[DATA SHOWN]
───
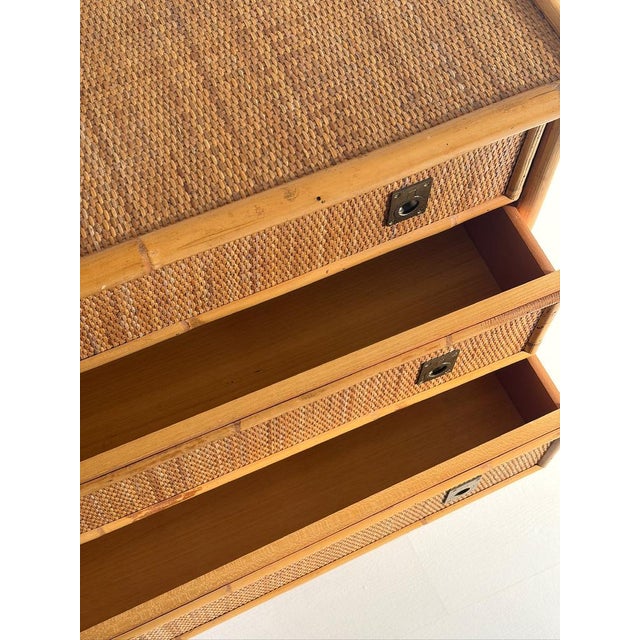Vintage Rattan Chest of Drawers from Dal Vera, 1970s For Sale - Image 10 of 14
───
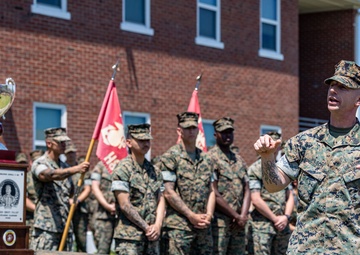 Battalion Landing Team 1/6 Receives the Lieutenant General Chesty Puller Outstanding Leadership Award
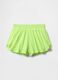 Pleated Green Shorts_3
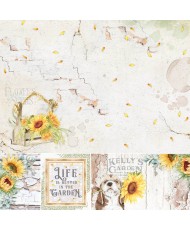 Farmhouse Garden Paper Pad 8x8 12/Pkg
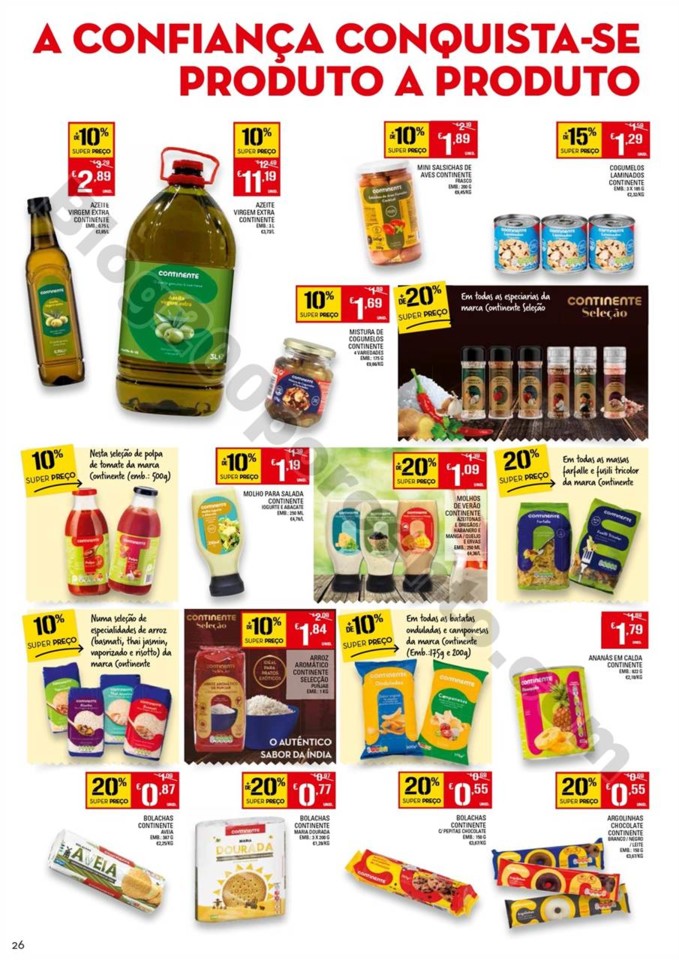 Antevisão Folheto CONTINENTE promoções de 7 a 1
───
[TO DO]
Above are the records; return the lines in them from the one with "Battalion Landing Team" to the one with "Antevisão Folheto CONTINENTE", inclusive, exactly and without images.

[EXPECTED ANSWER]
 Battalion Landing Team 1/6 Receives the Lieutenant General Chesty Puller Outstanding Leadership Award
 Pleated Green Shorts_3
 Farmhouse Garden Paper Pad 8x8 12/Pkg
 Antevisão Folheto CONTINENTE promoções de 7 a 1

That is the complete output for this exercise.